Serving Clovis, Portales and the Surrounding Communities
De Baca County residents could vote on whether to recall their sheriff if a group of county residents convinces a court to let it circulate a recall petition.
Sheriff Gary Graves said he believes he will not only serve out his term — which expires in 2006 — but be re-elected in that year.
The state constitution allows for the recall of elected county officials, but first a local district judge must rule that probable cause exists to show the official committed “malfeasance or misfeasance in office or violation of the oath of office.” Petitioners must then obtain signatures equal to one-third of the number of people voting in the last general election.
Last week, six area residents, calling themselves De Baca County Concerned Citizens, filed court documents accusing Graves of misconduct in office.
“He’s a real problem,” said Allen Sparks, who is one of the six. “We believe he’s committed malfeasance and misfeasance in office and he’s got to go. The charges that are in the petition are pretty serious charges and we’re pretty sure our lawyer can prove them true.”
Sparks and Graves said the petition accuses Graves of improperly using public money for his own private use; using the office of sheriff to threaten, harass, and intimidate county residents; violating the rights of those in the county jail; failing to maintain proper financial records; and misappropriating or failing to account for money and property entrusted to the sheriff’s office.
Graves agreed the charges are serious but said he’s not guilty.
“I feel that it’s a few (people) that have gotten together and made a broad issue of charges and have not been specific,” Graves said. “We don’t even know the specifics of what they are coming after me on at this point. Basically we’re just going to go back, continue on, and I will continue to do the work of the sheriff as I have been doing.”

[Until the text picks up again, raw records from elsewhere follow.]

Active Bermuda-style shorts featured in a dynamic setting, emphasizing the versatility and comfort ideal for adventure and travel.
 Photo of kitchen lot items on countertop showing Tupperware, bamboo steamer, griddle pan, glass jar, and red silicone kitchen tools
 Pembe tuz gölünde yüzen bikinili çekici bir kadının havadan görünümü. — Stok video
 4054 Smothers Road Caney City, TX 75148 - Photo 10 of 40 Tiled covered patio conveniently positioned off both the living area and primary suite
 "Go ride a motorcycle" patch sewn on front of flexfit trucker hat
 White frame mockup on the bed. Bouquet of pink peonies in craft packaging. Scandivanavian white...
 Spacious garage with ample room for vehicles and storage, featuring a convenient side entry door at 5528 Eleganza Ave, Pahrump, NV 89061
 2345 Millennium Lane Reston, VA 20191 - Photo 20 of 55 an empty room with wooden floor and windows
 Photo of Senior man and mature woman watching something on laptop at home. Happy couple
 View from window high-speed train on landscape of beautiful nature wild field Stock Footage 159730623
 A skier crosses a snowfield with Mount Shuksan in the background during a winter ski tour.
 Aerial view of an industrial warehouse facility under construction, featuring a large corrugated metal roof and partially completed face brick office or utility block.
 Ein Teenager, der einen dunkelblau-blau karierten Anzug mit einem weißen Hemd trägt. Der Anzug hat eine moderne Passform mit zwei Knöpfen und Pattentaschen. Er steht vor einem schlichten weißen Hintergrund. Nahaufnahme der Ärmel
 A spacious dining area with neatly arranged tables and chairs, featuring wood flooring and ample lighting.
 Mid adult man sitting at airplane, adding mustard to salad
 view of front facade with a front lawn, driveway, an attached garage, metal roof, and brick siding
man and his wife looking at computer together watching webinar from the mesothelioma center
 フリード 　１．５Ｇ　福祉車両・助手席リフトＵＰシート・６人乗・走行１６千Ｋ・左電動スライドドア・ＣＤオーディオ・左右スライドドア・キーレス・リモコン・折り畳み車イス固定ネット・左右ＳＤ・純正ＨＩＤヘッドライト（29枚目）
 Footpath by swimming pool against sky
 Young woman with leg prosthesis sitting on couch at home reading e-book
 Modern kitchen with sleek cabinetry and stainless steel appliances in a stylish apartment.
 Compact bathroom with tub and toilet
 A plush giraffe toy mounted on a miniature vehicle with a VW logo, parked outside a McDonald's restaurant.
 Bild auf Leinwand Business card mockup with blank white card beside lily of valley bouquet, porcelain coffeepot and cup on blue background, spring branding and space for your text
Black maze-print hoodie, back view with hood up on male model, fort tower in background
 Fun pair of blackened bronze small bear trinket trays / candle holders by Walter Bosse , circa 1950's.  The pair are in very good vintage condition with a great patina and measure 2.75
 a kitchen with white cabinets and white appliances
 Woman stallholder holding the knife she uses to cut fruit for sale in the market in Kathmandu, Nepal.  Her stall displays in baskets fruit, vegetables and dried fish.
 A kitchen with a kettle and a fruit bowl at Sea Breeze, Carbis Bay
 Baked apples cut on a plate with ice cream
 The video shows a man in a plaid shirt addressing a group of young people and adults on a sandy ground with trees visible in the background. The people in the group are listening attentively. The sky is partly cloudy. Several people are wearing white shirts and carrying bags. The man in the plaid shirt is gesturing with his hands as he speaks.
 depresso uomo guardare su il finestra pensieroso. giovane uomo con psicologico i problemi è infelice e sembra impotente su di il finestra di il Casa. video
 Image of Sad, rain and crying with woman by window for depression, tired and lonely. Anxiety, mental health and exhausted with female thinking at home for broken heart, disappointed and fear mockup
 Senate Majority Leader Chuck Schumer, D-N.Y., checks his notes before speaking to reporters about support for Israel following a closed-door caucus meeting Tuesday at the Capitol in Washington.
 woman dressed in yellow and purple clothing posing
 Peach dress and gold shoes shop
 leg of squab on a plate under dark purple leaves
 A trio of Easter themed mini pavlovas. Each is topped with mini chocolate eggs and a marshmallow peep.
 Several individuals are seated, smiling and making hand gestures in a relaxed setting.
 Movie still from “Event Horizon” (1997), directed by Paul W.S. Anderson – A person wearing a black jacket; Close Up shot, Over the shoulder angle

Graves said he’s retained Santa Fe ttorney Bill Robbins to represent him in the court case.
“I’m just being really cautious because I don’t want to air the court case in the media at this point,” Graves said.
Curry County Sheriff Roger Hatcher, who is president of the state sheriffs’ association, said he doesn’t believe Graves will be recalled.
“I feel very confident this is going to go nowhere,” Hatcher said. “The law is very specific as to how you can recall a county sheriff; it has to be for specific things and they did not make any specific allegations.”
Sparks said he didn’t want to be specific outside the courtroom. Graves has until Oct. 14 to file a formal response to the petition at which time a date could be set for a hearing in De Baca County District Court.
However, Sparks said the citizens committee needed to act now rather than waiting for the 2006 election.
“You just can’t stand to wait that long,” Sparks said. “He broke up the joint powers agreement between the city (of Fort Sumner) and the county; he’s been in the De Baca County News essentially every week for two years now.”
Hatcher said what’s happening in De Baca County could affect every sheriff in the state’s 33 counties and said the court needs to examine the case carefully before setting a precedent.
“If they don’t have more information than what they’ve got now, which is absolutely nothing, every sheriff and every elected official has a concern because there is absolutely nothing to go on,” Hatcher said.
Graves is also involved in an ongoing legal battle to exhume what is claimed to be the body of Billy the Kid buried in Fort Sumner. But Sparks said that controversy has nothing to do with the recall attempt.
Graves isn’t so sure, and said he thinks some in the county continue to hold that case against him since it could dry up a major source of tourism revenue for Fort Sumner.